--- INPUT DATA Enclosed Below ---

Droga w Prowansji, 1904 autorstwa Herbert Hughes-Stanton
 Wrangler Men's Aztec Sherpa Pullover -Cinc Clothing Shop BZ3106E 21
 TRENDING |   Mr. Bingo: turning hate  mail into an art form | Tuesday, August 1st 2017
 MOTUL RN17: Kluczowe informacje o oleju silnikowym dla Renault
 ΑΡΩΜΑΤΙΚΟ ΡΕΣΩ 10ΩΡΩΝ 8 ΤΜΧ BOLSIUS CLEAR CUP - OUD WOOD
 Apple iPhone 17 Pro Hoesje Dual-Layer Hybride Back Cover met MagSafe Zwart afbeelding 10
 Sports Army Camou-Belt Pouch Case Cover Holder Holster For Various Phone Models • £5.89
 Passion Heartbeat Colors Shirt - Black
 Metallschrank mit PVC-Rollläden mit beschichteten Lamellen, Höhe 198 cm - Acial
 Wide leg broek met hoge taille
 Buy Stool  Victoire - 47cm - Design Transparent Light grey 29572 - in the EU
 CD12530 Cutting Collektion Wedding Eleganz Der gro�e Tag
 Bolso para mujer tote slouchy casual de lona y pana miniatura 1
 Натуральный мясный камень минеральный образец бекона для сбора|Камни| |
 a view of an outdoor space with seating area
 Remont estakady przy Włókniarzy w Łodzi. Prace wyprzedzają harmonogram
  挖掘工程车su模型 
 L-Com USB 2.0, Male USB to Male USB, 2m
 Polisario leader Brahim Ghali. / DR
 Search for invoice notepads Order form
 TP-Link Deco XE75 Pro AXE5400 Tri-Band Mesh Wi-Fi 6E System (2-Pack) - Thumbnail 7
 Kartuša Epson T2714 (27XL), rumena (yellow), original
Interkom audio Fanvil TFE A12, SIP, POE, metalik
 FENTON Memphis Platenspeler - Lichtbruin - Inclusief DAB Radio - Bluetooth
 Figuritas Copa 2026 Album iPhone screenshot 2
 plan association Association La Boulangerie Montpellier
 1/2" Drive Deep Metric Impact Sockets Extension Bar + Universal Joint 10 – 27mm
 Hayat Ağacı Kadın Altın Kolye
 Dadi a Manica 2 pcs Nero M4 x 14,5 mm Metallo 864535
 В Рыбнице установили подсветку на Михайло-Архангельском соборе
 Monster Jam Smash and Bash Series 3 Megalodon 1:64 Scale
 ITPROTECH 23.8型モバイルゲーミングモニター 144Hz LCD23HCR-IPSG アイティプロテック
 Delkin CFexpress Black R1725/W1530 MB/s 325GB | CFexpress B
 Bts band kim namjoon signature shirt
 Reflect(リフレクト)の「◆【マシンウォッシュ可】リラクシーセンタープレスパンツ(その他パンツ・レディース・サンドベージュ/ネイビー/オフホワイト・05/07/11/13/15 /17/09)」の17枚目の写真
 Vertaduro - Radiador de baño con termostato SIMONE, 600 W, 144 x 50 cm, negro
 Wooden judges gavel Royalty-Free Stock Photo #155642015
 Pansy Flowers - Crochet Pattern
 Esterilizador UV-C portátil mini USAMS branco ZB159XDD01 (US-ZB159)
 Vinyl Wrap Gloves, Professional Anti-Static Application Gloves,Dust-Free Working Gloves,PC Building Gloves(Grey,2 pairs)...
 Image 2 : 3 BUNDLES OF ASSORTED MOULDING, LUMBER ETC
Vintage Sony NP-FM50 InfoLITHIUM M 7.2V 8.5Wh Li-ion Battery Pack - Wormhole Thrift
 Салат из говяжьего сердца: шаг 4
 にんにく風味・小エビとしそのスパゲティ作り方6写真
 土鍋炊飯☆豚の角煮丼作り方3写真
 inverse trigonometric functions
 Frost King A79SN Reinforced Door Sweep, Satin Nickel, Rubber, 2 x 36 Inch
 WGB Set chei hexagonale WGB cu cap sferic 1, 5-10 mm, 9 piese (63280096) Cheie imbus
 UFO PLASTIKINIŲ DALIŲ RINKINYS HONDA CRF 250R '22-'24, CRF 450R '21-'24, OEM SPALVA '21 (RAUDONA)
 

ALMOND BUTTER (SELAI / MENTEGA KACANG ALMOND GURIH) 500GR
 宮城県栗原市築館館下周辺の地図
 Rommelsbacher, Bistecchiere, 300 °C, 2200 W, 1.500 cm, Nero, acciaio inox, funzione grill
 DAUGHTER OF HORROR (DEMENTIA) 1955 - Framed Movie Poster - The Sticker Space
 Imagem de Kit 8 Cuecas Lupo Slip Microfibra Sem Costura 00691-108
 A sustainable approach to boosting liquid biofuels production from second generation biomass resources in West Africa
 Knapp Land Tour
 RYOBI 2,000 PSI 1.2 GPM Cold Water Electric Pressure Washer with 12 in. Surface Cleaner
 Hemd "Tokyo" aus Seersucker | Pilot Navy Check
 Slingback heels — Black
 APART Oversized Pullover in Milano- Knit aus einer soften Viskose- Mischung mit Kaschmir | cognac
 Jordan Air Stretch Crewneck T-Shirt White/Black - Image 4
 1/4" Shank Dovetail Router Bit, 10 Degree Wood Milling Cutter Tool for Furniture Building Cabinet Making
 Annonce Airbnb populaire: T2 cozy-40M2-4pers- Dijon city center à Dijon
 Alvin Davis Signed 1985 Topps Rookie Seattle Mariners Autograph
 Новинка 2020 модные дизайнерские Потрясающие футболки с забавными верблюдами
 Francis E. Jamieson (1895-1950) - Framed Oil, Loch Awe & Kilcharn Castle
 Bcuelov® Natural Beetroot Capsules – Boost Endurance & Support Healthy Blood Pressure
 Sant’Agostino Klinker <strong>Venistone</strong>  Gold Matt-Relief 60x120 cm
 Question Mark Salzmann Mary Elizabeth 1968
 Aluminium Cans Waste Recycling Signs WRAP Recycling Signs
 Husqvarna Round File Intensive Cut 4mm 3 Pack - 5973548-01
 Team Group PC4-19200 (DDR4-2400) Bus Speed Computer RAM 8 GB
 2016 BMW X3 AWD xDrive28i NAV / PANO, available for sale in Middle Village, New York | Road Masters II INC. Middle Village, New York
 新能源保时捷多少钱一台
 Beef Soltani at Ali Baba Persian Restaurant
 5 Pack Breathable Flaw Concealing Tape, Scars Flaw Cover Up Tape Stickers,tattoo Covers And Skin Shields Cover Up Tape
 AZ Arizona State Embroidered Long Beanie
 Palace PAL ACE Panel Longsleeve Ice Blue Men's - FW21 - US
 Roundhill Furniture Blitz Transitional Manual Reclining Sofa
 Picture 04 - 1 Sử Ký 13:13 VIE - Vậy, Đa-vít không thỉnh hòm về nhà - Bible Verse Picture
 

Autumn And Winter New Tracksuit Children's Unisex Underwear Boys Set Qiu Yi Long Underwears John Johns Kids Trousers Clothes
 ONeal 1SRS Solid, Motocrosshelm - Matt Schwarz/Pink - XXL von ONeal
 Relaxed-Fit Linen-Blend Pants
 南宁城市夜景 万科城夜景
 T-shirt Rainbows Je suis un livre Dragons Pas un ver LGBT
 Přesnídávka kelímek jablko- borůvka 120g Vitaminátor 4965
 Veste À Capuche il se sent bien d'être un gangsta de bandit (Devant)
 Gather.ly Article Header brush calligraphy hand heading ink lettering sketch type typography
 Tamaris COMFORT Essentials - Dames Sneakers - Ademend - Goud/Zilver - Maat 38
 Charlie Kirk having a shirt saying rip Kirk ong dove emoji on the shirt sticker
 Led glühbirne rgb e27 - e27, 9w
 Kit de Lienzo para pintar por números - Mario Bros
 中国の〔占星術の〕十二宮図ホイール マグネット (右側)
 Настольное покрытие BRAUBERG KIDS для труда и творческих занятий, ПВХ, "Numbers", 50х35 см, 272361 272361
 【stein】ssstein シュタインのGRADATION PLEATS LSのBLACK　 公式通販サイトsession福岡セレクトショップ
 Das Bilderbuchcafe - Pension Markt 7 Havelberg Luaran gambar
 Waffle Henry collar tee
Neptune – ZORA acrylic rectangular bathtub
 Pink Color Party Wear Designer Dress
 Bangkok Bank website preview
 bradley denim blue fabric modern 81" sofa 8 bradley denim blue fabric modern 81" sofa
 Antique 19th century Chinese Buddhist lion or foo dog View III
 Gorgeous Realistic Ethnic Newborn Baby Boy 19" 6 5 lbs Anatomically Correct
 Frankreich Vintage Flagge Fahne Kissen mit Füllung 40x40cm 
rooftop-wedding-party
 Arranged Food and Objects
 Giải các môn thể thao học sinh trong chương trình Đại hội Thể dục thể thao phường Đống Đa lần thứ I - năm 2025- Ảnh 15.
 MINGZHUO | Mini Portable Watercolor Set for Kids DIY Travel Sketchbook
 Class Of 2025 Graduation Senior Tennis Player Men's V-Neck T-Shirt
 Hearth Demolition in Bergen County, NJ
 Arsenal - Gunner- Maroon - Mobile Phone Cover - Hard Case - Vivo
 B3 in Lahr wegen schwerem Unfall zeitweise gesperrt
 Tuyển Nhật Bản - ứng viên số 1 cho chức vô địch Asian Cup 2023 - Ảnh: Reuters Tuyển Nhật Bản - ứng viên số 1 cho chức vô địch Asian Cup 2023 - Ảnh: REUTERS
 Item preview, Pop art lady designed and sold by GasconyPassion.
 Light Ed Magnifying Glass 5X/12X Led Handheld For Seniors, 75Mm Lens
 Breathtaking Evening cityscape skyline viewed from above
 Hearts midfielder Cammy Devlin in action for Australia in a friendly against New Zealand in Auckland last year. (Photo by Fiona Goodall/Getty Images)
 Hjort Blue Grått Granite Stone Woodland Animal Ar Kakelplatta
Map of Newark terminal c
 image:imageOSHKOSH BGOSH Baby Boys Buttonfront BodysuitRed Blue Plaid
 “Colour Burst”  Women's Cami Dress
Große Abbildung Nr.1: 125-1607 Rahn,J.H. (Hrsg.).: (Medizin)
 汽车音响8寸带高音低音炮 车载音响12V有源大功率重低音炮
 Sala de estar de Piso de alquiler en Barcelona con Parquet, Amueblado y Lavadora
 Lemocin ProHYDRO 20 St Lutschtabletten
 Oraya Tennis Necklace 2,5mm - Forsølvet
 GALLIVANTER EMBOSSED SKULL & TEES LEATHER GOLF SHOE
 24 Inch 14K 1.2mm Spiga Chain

--- End of Enclosed INPUT DATA ---

### AIM OF THE EXERCISE:
Beginning with the line that contains "Item preview, Pop", write out every line through the end of the entries above, exactly.

### ANSWER BOX:
 Item preview, Pop art lady designed and sold by GasconyPassion.
 Light Ed Magnifying Glass 5X/12X Led Handheld For Seniors, 75Mm Lens
 Breathtaking Evening cityscape skyline viewed from above
 Hearts midfielder Cammy Devlin in action for Australia in a friendly against New Zealand in Auckland last year. (Photo by Fiona Goodall/Getty Images)
 Hjort Blue Grått Granite Stone Woodland Animal Ar Kakelplatta
Map of Newark terminal c
 image:imageOSHKOSH BGOSH Baby Boys Buttonfront BodysuitRed Blue Plaid
 “Colour Burst”  Women's Cami Dress
Große Abbildung Nr.1: 125-1607 Rahn,J.H. (Hrsg.).: (Medizin)
 汽车音响8寸带高音低音炮 车载音响12V有源大功率重低音炮
 Sala de estar de Piso de alquiler en Barcelona con Parquet, Amueblado y Lavadora
 Lemocin ProHYDRO 20 St Lutschtabletten
 Oraya Tennis Necklace 2,5mm - Forsølvet
 GALLIVANTER EMBOSSED SKULL & TEES LEATHER GOLF SHOE
 24 Inch 14K 1.2mm Spiga Chain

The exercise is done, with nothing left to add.